15.1. RDMA Overview#

Remote Direct Memory Access (RDMA) enables zero-copy data transfer between memory regions of two systems without CPU involvement in the data path. This significantly reduces latency and CPU overhead, making RDMA ideal for high-performance networking.

RoCE v2 (RDMA over Converged Ethernet v2) encapsulates RDMA traffic over UDP/IP, allowing it to be routable across Layer 3 networks.

RDMA solution comprises multiple software components working together: on the x86 host, the rdma-core user-space libraries and kernel modules provide RDMA verbs and core functionality, while on the Octeon CN10K, a DPDK-based firmware application maintains RDMA resource contexts and performs RoCEv2 encapsulation for high-performance data transfer

15.2. Octeon RDMA Firmware#

dao-rdma_graph (referred to here as rdma) is a DPDK based application that exercises RDMA (RoCEv2/IB verbs) dataplane paths on OCTEON and host platforms. It supports multi-queue (multi-QP) UD and RC transports, multi-device scenarios (multiple RDMA interfaces), and validation via standard rdma-core utilities (ibv_*) and RDMA perftests utilities.

The application configures required RPM/SDP/DPI resources on OCTEON, launches workers to process Ethernet receive nodes feeding RDMA graph nodes, and allows users to run verbs test programs (ibv_ud_pingpong, ibv_rdma_mq_trf) across host <-> OCTEON or multi-device setups.

RDMA Application Overview

15.2.1. Features#

  • DPDK based RDMA dataplane orchestration on OCTEON (RPM + SDP + DPI VFs)

  • Supports UD transport ping/pong validation (ibv_ud_pingpong)

  • Supports multi-queue UD and RC tests (ibv_rdma_mq_trf)

  • Multi-device RDMA support (multiple RDMA VF devices)
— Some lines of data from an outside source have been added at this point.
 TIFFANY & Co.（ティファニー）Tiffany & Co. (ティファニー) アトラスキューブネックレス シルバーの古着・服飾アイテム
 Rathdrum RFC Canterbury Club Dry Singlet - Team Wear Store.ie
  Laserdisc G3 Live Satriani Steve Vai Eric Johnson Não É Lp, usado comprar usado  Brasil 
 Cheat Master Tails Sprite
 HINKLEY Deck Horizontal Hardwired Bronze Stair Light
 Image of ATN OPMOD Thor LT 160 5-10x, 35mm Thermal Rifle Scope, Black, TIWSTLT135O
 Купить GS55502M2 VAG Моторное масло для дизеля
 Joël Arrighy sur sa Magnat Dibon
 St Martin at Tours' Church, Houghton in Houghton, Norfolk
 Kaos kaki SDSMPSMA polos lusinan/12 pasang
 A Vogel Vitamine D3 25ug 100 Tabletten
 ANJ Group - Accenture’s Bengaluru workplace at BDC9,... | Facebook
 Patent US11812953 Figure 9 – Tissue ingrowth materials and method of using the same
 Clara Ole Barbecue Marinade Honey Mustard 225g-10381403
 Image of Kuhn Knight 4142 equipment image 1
  • Works with host-side rdma-core utilities for probing & stats

  • VFIO-PCI binding for RPM/SDP/DPI devices

  • Programmable number of Queue Pairs (QPs) per test

  • Command-line options for selecting device masks, number of RDMA devices, etc.

  • Integrates with perftest utilities (ib_send_lat, ib_send_bw, ib_write_lat, ib_write_bw, ib_read_lat, ib_read_bw) for latency & bandwidth benchmarking

  • Supports high-performance RDMA memory allocations and multi-QP resource scaling

15.2.2. Setting up Environment#

Bind RPM device to vfio-pci:

dpdk-devbind.py -b vfio-pci 0002:02:00.0
dpdk-devbind.py -b vfio-pci 0002:18:00.0

Bind SDP device

dpdk-devbind.py -b vfio-pci 0002:01:00.2

15.2.2.1. Obtain DAO sources and checkout DAO 26.02 branch#

git clone https://github.com/MarvellEmbeddedProcessors/dao.git
cd dao
git checkout dao-26.02

15.2.2.2. Enable and bind DPI/NPA devices (helper script)#

The dpi-test-setup.sh helper configures DPI VFs and related devices for the RDMA dataplane. It is supplied with the DAO/OCTEON SDK deliverable for your platform (some images install it as /usr/bin/dpi-test-setup.sh). After cloning the repository (Obtain DAO sources and checkout DAO 26.02 branch), you can also run a copy from your DAO checkout if your release ships it under scripts/ or similar.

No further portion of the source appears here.